Type out the listing below exactly. Pictures stay out of it.
=-=-=-=-=
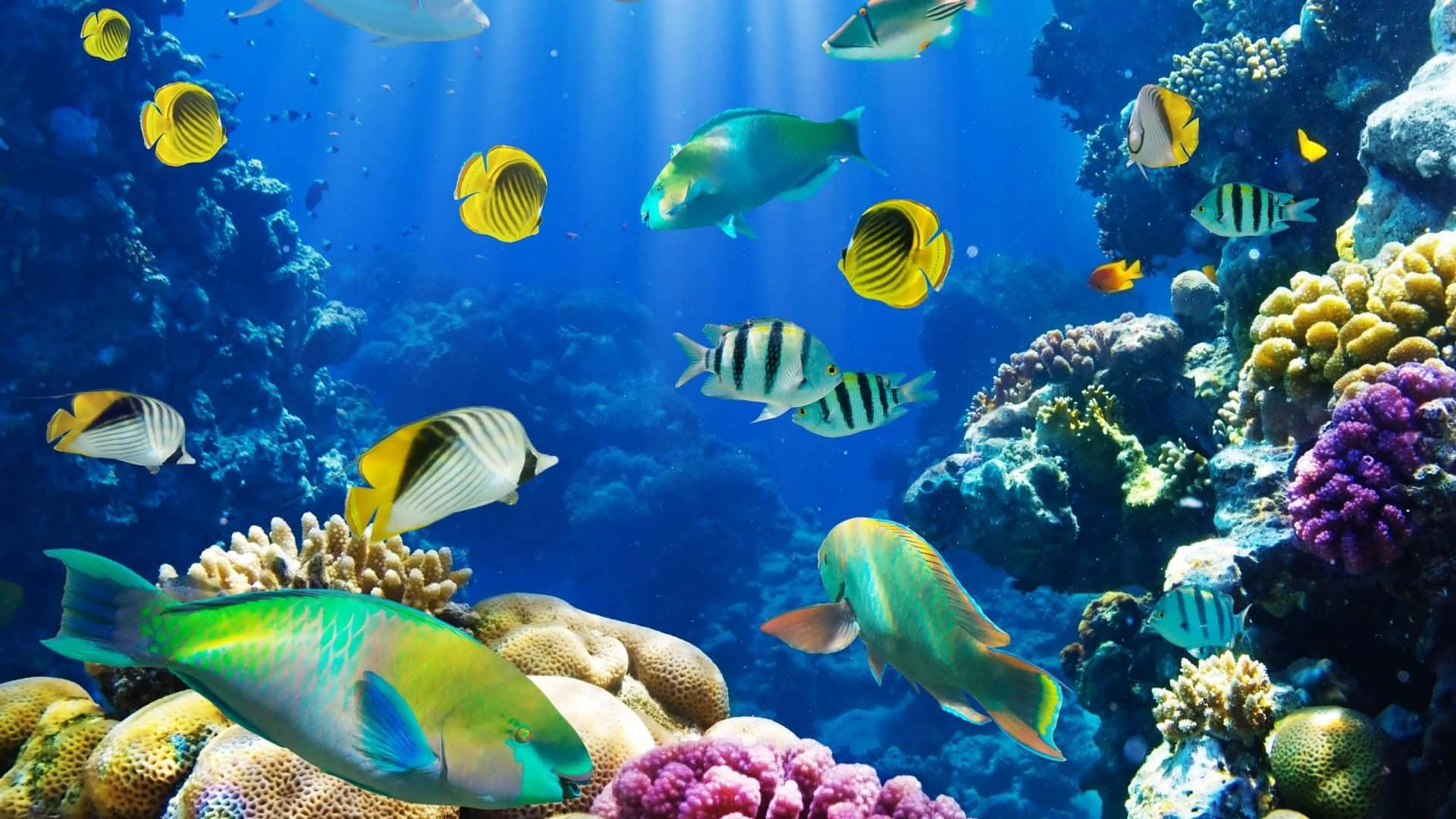 HD Fish 桌布 壁紙 — 色彩繽紛的熱帶魚在明亮藍色海水中的彩色珊瑚礁間優雅游動。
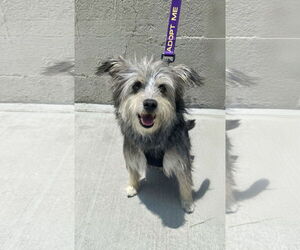 Mutt Dogs for adoption in La Verne, CA, USA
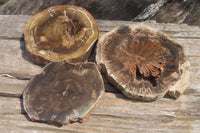 Polished Petrified Wood Slices x 3 From Zimbabwe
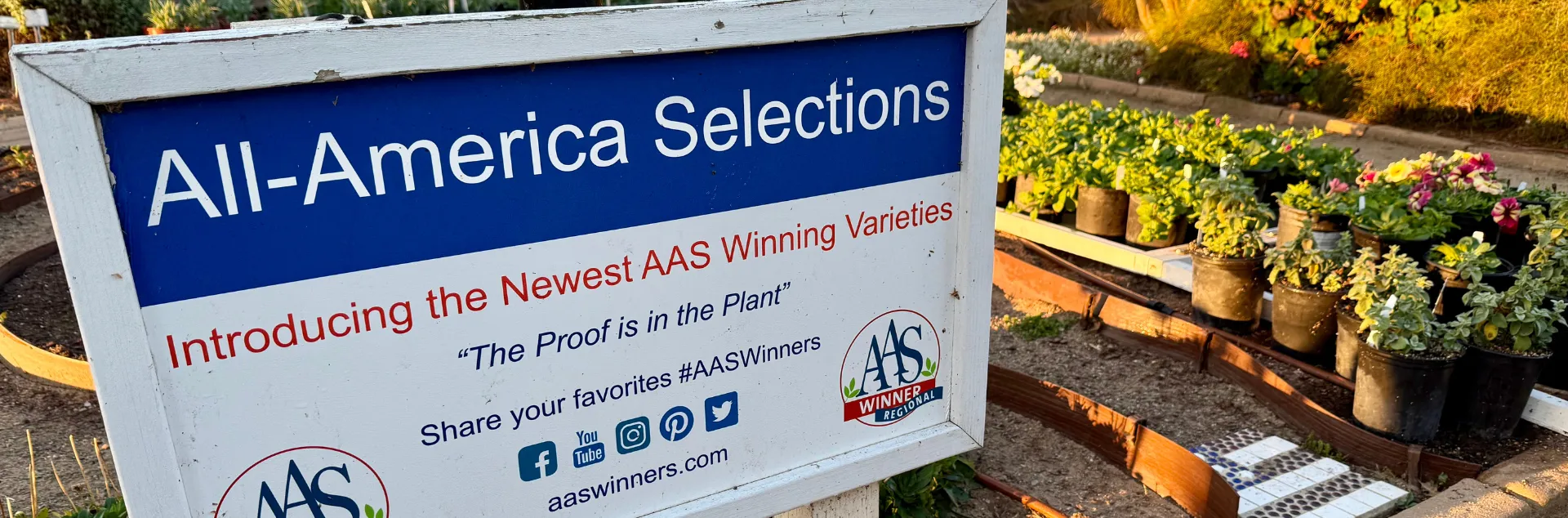 A sign that says All America Selections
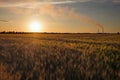 Field of wheat and power plant against sunset Royalty Free Stock Photo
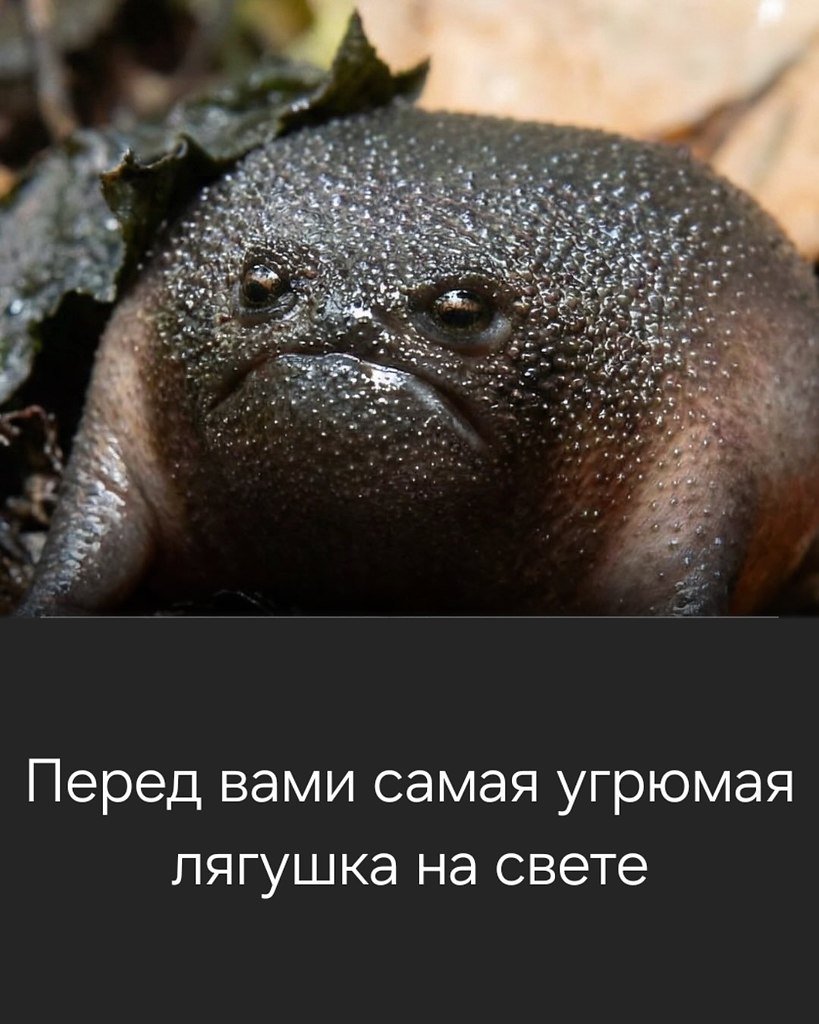 � ��� ����� � ������� ����������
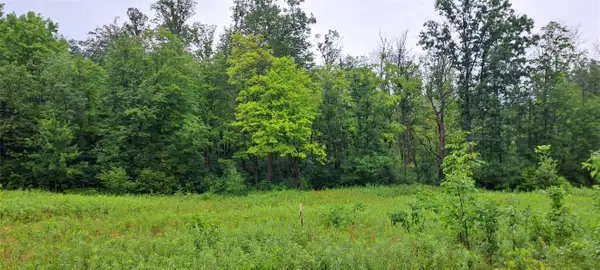Lot 3 Musky Point Drive, Stone Lake, WI 54876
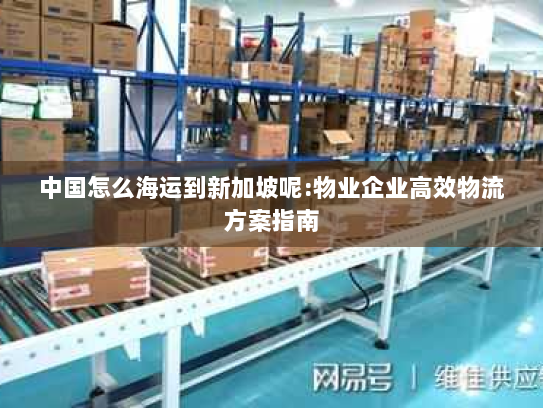 中国怎么海运到新加坡呢:物业企业高效物流方案指南 中国怎么海运到新加坡呢:物业企业高效物流方案指南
=-=-=-=-=
THE ANSWER:
 HD Fish 桌布 壁紙 — 色彩繽紛的熱帶魚在明亮藍色海水中的彩色珊瑚礁間優雅游動。
 Mutt Dogs for adoption in La Verne, CA, USA
 Polished Petrified Wood Slices x 3 From Zimbabwe
 A sign that says All America Selections
 Field of wheat and power plant against sunset Royalty Free Stock Photo
 � ��� ����� � ������� ����������
Lot 3 Musky Point Drive, Stone Lake, WI 54876
 中国怎么海运到新加坡呢:物业企业高效物流方案指南 中国怎么海运到新加坡呢:物业企业高效物流方案指南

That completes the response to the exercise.